The FLEXTRKR algorithm was first developed and used by Feng et al. (2019) to track MCSs. In this study, we further update the algorithm so that it can identify and track MCS and IDC events simultaneously.
Figure 3 displays the schematic of FLEXTRKR (Feng et al., 2019). The first step is to identify cold cloud systems (CCSs; continuous areas with Tb<241 K) at each hour by applying a multiple Tb threshold “detect and spread” approach (Futyan and Del Genio, 2007). We search for cold cloud cores with Tb<225 K and spread the cold cloud cores to contiguous areas with Tb<241 K. Cloud systems that do not contain a cold cloud core but with Tb<241 K are also labeled as long as they can form continuous areas with at least 64 km2 (4 pixels).

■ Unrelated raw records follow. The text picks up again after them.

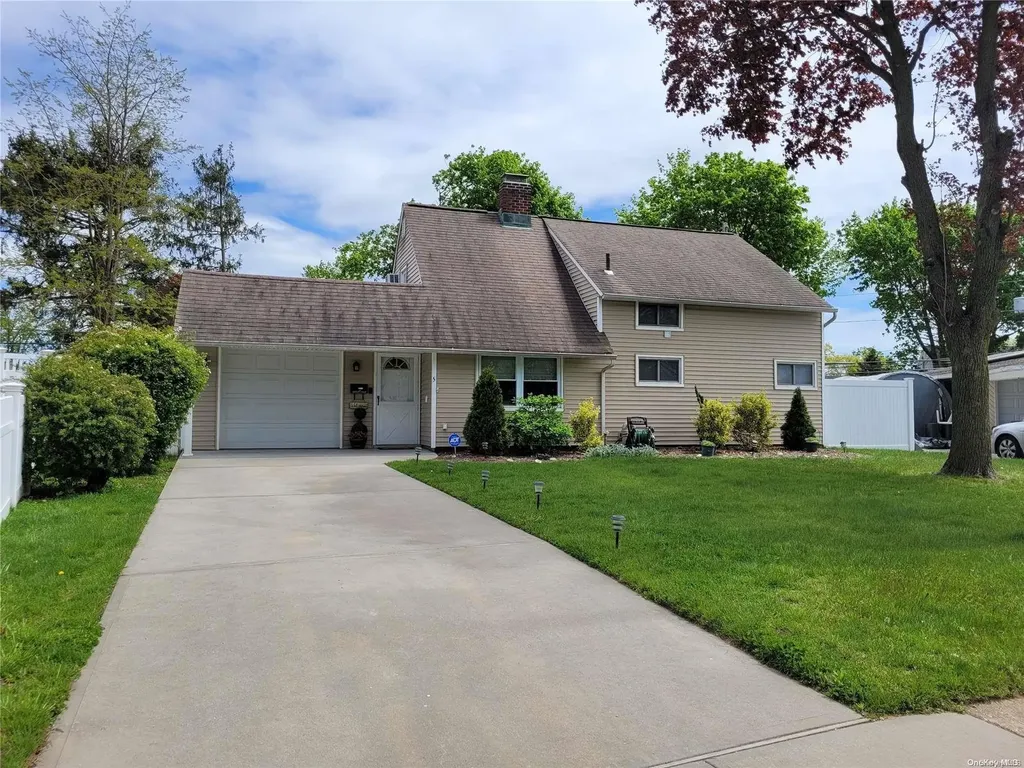 5 Ripple Lane Levittown NY 11756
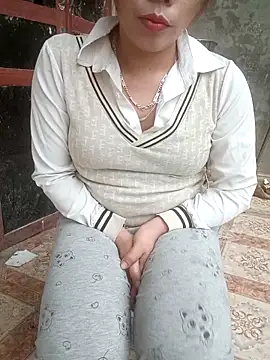 Phuong xxx online show from March 12, 2026, 1:12 am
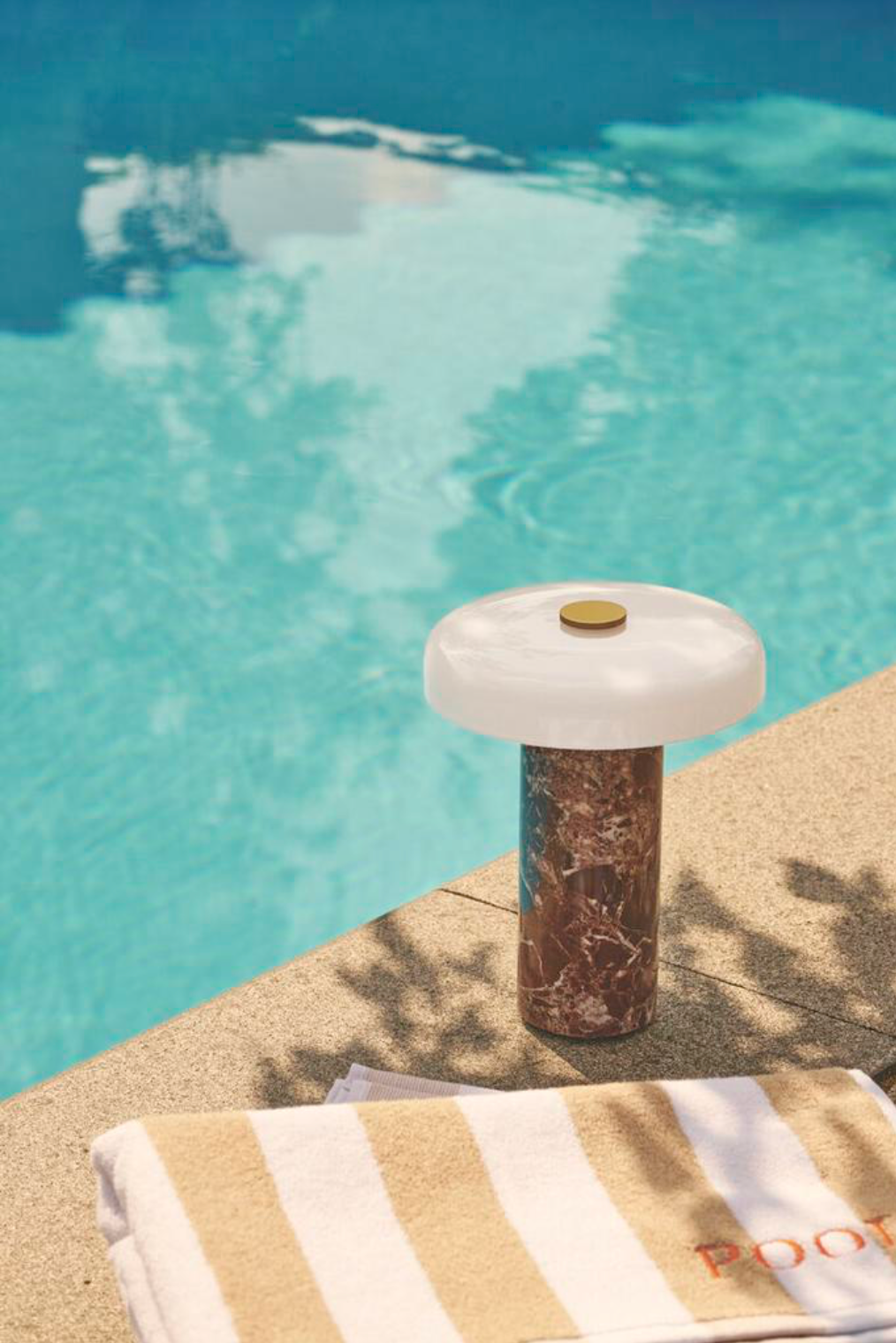 Lamp Trip - Burgundy marble | Opal glossy shade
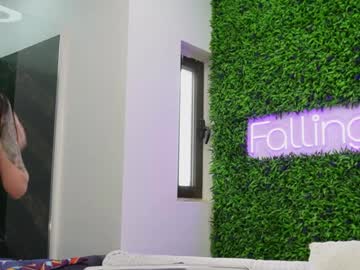Foto porno Sex online cu hotfallingdevil pe KUR.ro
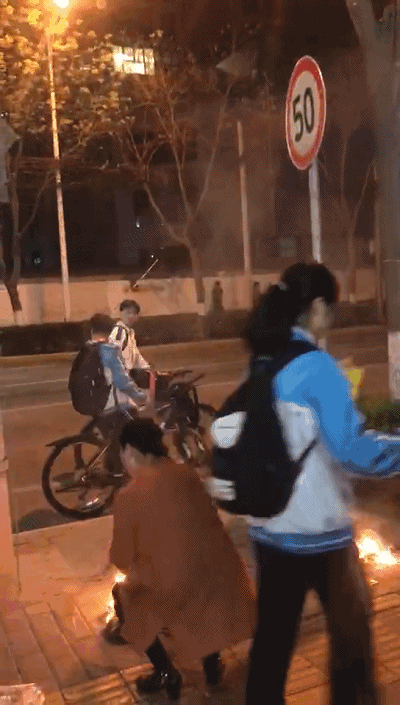 西安母女街头烧纸还与人厮打互拍视频,扬言要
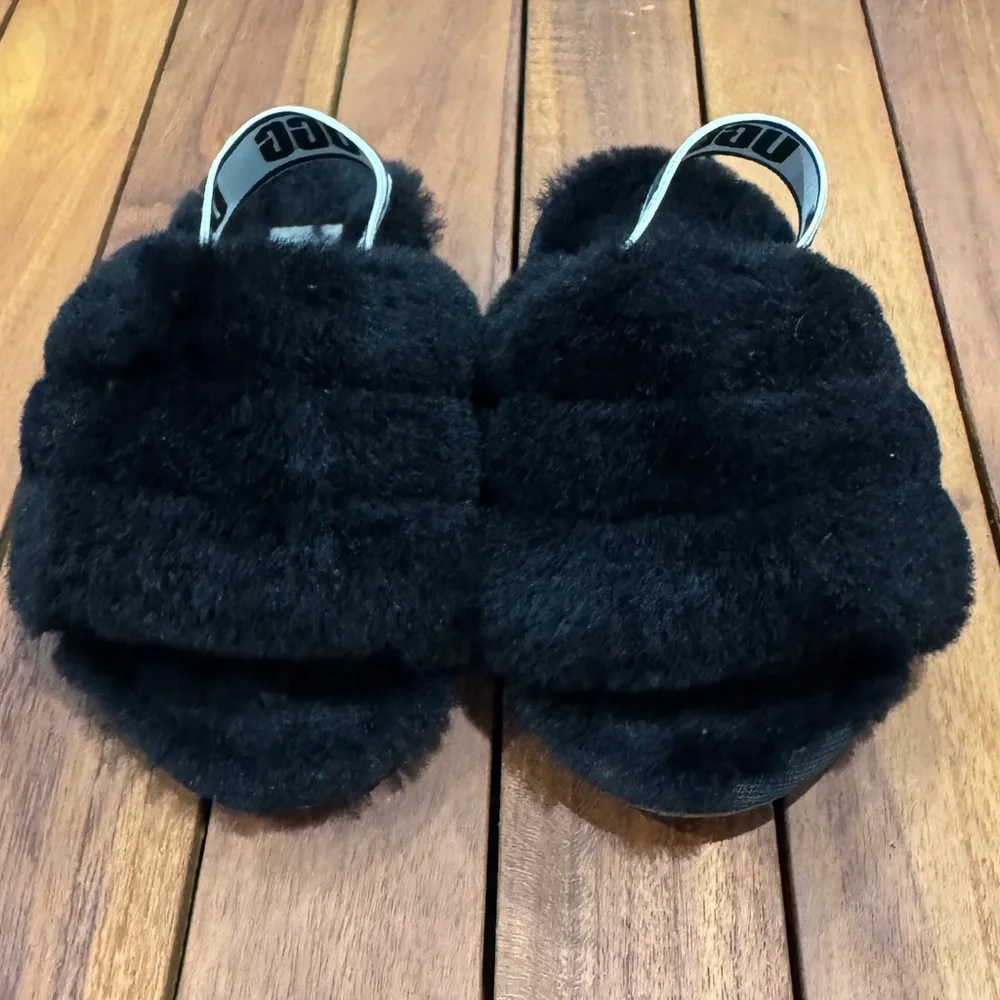 UGG Girls Oh Yea Black Fluffy Slippers/Sandals Size  7 EU 23.5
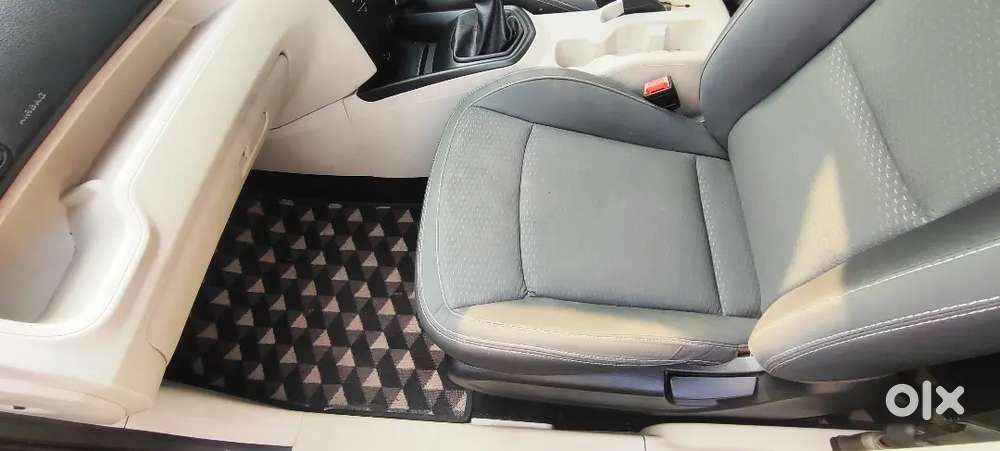 Mahindra Xuv300 Diesel Manual 2022 First Owner With Sunroof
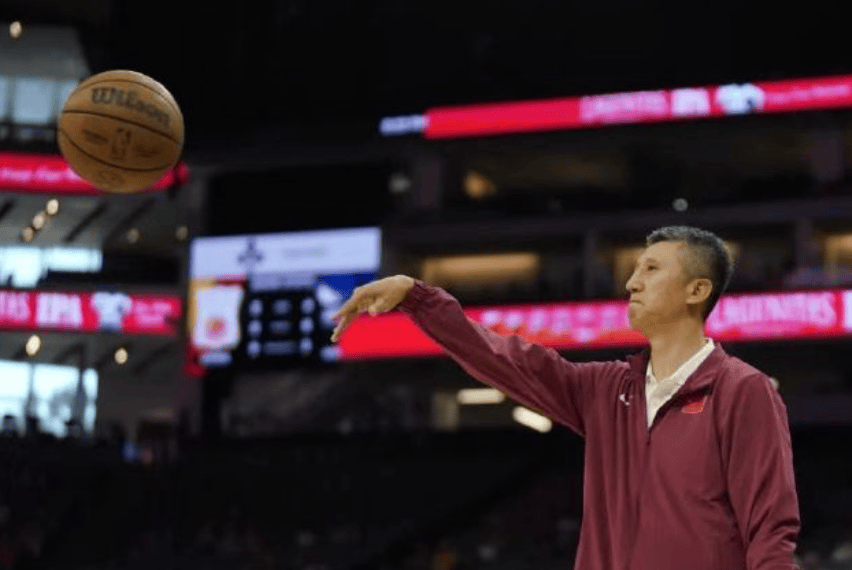 原创            8月初重新集结！中国男篮重启老办法，再度集训狠抓体能-中国男篮晒集训合影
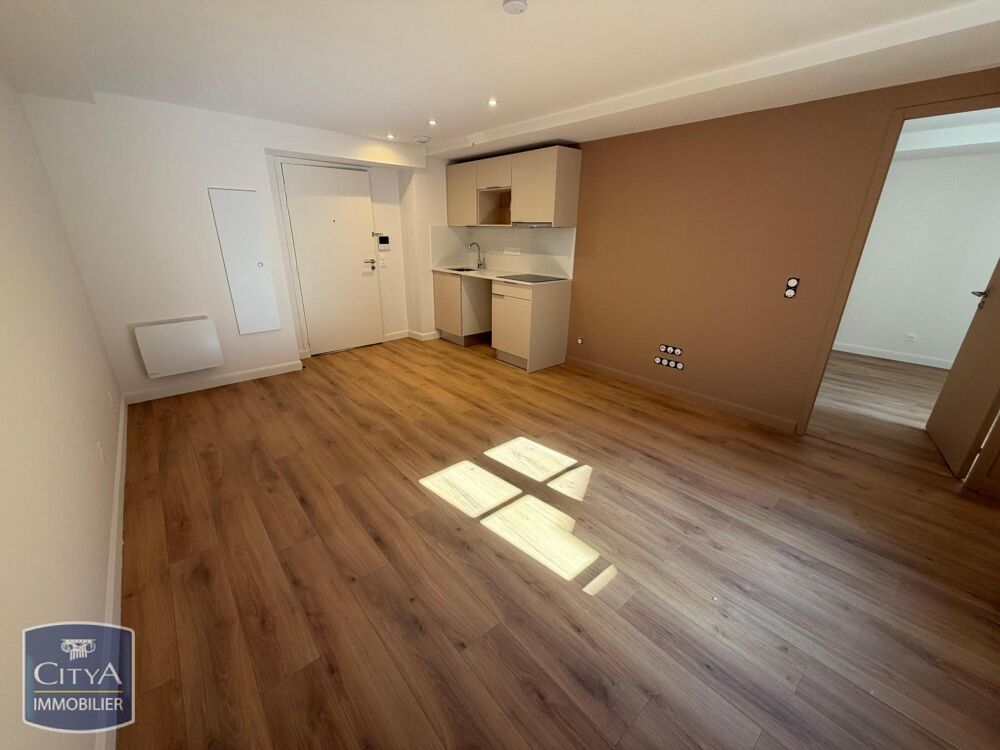location Appartement - 2 pièce(s) - 35 m² Vichy (03200)
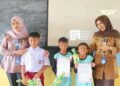 Stop Bullying! Siswa SD N 2 Karang Melati Ikrar Anti-Perundungan ​Semendawai Timur – Suasana ceria dan penuh semangat menyelimuti SD Negeri 2 Karang Melati, Kecamatan Semendawai Timur, pada Selasa (26/8). Bukan untuk mengikuti lomba, puluhan siswa-siswi kelas 4, 5, dan 6 berkumpul di aula sekolah untuk mengikuti kegiatan sosialisasi stop bullying. Acara ini merupakan bagian dari program kerja (proker) sekolah untuk menciptakan lingkungan belajar yang aman dan nyaman bagi seluruh siswa. ​Mengenali dan Menghentikan Bullying ​Tim dari sekolah yang terdiri dari guru bimbingan konseling dan beberapa guru kelas menjadi pemateri utama dalam acara ini. Mereka menjelaskan berbagai bentuk perundungan, mulai dari verbal seperti mengejek atau memanggil dengan nama yang tidak baik, fisik seperti memukul atau mendorong, hingga perundungan siber (cyberbullying) melalui media sosial. ​"Banyak dari kalian mungkin tidak sadar bahwa apa yang kalian lakukan, misalnya mengejek teman, bisa dikategorikan sebagai bullying. Dampaknya sangat serius, bisa membuat teman kalian merasa sedih, takut, bahkan tidak mau lagi datang ke sekolah," ujar Ibu Siti, salah satu guru yang menjadi pemateri. ​Para siswa terlihat antusias menyimak penjelasan. Mereka juga diberikan kesempatan untuk bertanya dan berbagi pengalaman. Beberapa siswa berani menceritakan kejadian yang pernah mereka lihat atau alami, menunjukkan bahwa isu perundungan memang nyata ada di lingkungan sekolah. ​Ikrar Bersama: Komitmen Menjadi Agen Anti-Bullying ​Puncak acara sosialisasi ini adalah pembacaan ikrar anti-perundungan secara serentak. Dipimpin oleh kepala sekolah, Bapak Rahmat, seluruh siswa berdiri dan mengucapkan janji untuk tidak melakukan perundungan, tidak membiarkan perundungan terjadi, dan berani melaporkan jika melihat tindakan perundungan. ​"Ikrar ini bukan sekadar janji di mulut. Tapi janji di hati untuk sama-sama menjaga teman kita, menjaga sekolah kita, agar menjadi tempat yang menyenangkan untuk belajar dan bermain. Siapa pun, apa pun latar belakangnya, harus merasa aman dan dihargai di sekolah ini," tutur Bapak Rahmat dalam sambutannya. ​Setelah pembacaan ikrar, para siswa diajak untuk menandatangani spanduk besar sebagai simbol komitmen mereka. Spanduk tersebut nantinya akan dipajang di area sekolah sebagai pengingat bagi seluruh warga sekolah. ​Dukungan Penuh Orang Tua dan Komunitas ​Program sosialisasi ini mendapat dukungan penuh dari komite sekolah dan para orang tua siswa. "Kami sangat mengapresiasi inisiatif sekolah ini. Masalah bullying memang harus ditangani dari akar, yaitu melalui edukasi sejak dini. Kami sebagai orang tua akan terus mendukung dan berkolaborasi dengan pihak sekolah untuk memastikan anak-anak kami terhindar dari perundungan," kata Ibu Ani, salah satu perwakilan orang tua siswa. ​Dengan adanya proker sosialisasi stop bullying ini, SD Negeri 2 Karang Melati berharap dapat menjadi pelopor sekolah anti-perundungan di Kecamatan Semendawai Timur. Langkah kecil ini menjadi awal yang penting untuk menumbuhkan kepedulian dan empati di kalangan siswa, demi menciptakan generasi yang tidak hanya cerdas, tetapi juga berakhlak mulia.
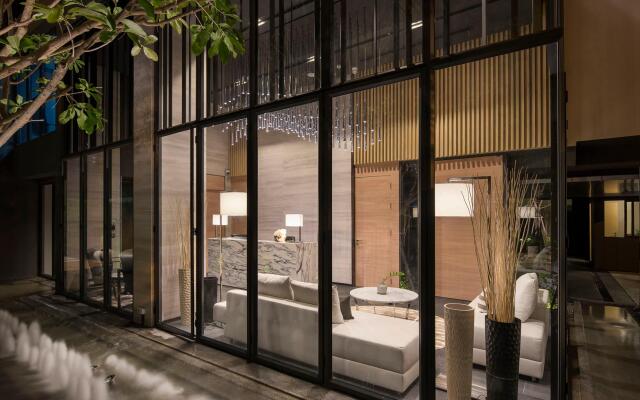 Отель X2 Vibe Pattaya Seaphere Residence вид на фасад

In addition, as described in Feng et al. (2019), CCSs that share the same coherent precipitation feature are combined as a single CCS. A coherent precipitation feature is defined as continuous areas with smoothed ZH at 2 km > 28 dBZ (if ZH is not available at 2 km, use ZH at 3 km instead if it is available) (Feng et al., 2019). We use a 5×5 pixel moving window to smooth ZH. Figure 2b shows an example of the CCSs identified in the first step based on Tb at 2005-07-04T03:00:00Z (4 July 2005, 3:00:00 UTC time). “Cloud 1” in Fig. 2b corresponds to a large area of low Tb in the central US (Fig. 2a).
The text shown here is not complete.